D'Iberville frappa alors du pied sur le pont pour réveiller les gens, comme c'est l'usage sur les vaisseaux lorsqu'il faut que l'équipage se lève pour quelque chose d'extraordinaire. Le premier qui se présenta au haut de l'échelle reçut un coup de sabre sur la tête; un autre qui avait monté par l'avant périt de même. Alors, on descendit; la chambre fut forcée à coups de hache et l'équipage fut réduit en quelques instants. Ils eurent quartier, et en particulier Brigueur, gouverneur de Monsipi, qui s'en allait prendre la qualité de gouverneur général de la Baie.

Pendant ce temps, le chevalier de Troyes avait enfoncé la porte de l'enceinte avec son bélier, et il entourait la redoute avec son monde, l'épée à la main.

Le grenadier, profitant aussitôt de l'échelle placée sur la redoute, arriva sur la plate-forme, et se mit à lancer ses grenades par le tuyau de la cheminé. Tout fut bientôt brisé par cette explosion, et il n'y eut plus moyen de tenir en cet endroit. Une femme, réveillée en sursaut par ce bruit, s'enfuit dans une autre chambre, où elle fut atteinte, ainsi que deux autres, par des éclats de grenade. La garnison se réfugia alors au rez-de-chaussée, mais elle s'y trouva sous le feu des Canadiens, qui tiraient par les ouvertures. Le chevalier, trouvant que le bélier n'allait pas assez vite, fit tirer le canon sur la porte.

Au môme moment, le mineur fit connaître qu'il avait placé ses pièces, et qu'il n'attendait qu'un ordre pour faire sauter la redoute. Ce que les Anglais ayant entendu, ils comprirent qu'ils ne pouvaient plus résister, et ils demandèrent quartier.

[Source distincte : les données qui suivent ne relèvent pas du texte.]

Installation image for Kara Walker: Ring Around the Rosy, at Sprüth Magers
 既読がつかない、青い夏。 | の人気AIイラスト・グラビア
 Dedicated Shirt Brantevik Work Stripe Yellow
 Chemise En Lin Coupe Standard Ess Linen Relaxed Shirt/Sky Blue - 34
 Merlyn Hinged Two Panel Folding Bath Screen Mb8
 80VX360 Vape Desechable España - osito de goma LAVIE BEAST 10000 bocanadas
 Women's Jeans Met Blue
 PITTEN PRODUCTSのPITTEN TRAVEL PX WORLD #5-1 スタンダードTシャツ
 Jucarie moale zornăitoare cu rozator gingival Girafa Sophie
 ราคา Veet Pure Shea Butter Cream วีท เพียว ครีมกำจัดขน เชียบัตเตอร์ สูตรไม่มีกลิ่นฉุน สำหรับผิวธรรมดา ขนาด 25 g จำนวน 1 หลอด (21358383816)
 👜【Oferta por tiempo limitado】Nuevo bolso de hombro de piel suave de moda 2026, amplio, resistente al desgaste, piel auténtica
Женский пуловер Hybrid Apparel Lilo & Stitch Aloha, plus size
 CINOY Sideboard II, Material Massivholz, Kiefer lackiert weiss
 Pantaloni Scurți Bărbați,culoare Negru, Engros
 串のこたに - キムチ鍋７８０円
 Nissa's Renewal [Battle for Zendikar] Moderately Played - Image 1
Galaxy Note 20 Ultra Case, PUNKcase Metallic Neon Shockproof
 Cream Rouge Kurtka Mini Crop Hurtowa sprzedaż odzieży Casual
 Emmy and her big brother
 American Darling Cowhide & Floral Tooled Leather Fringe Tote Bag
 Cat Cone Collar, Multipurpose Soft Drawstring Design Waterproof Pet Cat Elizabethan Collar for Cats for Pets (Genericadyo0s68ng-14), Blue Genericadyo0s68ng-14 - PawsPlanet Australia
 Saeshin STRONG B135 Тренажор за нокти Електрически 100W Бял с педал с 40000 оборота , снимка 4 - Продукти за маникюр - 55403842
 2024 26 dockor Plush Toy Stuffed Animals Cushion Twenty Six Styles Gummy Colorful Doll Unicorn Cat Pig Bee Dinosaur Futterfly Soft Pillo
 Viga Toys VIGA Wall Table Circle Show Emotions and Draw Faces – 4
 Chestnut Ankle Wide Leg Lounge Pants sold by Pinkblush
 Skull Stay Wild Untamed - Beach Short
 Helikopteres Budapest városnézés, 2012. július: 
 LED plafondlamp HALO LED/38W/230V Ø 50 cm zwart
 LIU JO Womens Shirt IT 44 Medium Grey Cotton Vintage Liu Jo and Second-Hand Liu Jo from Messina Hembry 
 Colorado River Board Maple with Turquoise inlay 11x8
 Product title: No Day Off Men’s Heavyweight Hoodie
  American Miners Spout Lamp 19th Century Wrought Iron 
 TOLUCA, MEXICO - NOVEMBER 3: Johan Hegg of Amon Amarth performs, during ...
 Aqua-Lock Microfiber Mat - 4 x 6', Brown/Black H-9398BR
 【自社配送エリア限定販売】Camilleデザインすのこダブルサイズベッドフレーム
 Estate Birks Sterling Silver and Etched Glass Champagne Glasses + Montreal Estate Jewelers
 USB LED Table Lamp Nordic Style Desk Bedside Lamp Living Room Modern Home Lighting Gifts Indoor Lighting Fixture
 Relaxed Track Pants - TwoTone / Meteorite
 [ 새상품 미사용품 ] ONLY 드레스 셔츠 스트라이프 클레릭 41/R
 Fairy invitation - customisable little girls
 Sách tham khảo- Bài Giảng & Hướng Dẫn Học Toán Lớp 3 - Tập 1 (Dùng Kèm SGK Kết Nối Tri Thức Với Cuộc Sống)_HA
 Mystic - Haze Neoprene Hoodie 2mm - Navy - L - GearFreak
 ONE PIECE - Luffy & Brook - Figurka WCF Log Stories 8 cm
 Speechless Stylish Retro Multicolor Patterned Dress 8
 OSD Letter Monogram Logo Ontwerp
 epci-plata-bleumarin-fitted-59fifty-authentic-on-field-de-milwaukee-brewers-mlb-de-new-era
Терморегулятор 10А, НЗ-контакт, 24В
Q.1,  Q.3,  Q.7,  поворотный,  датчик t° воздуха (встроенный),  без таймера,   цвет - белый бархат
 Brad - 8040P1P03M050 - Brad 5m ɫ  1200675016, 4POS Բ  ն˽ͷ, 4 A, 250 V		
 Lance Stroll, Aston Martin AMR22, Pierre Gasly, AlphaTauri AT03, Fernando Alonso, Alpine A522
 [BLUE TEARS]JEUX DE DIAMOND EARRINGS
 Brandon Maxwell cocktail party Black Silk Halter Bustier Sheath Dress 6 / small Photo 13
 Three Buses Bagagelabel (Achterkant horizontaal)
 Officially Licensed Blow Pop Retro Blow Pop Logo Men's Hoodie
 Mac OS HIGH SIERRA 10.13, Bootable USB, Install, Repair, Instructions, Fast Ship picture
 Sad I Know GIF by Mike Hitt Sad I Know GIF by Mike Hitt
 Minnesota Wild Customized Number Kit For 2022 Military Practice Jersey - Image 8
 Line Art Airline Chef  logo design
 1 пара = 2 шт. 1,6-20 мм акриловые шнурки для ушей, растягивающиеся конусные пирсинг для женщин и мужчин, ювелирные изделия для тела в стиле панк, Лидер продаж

Ainsi fut pris le second fort; les prisonniers, placés dans un yacht qu'on trouva amarré près de là, furent dirigés vers Monsipi; ils étaient escortés par le vaisseau qui avait été chargé de toutes les munitions et des pelleteries trouvées dans le fort.

Le chevalier fit alors sauter le fort et les palissades parce qu'il aurait fallu trop de monde pour le garder. Il y laissa d'Iberville pour surveiller cette exécution, et il lui donna la chaloupe pour opérer son retour.

M. du Troyes partit en canot avec quelques hommes. En arrivant à Monsipi, il y trouva les deux bâtiments qui avaient transporté la prise. Il fit emmagasiner les provisions, et il décida alors du sort des prisonniers.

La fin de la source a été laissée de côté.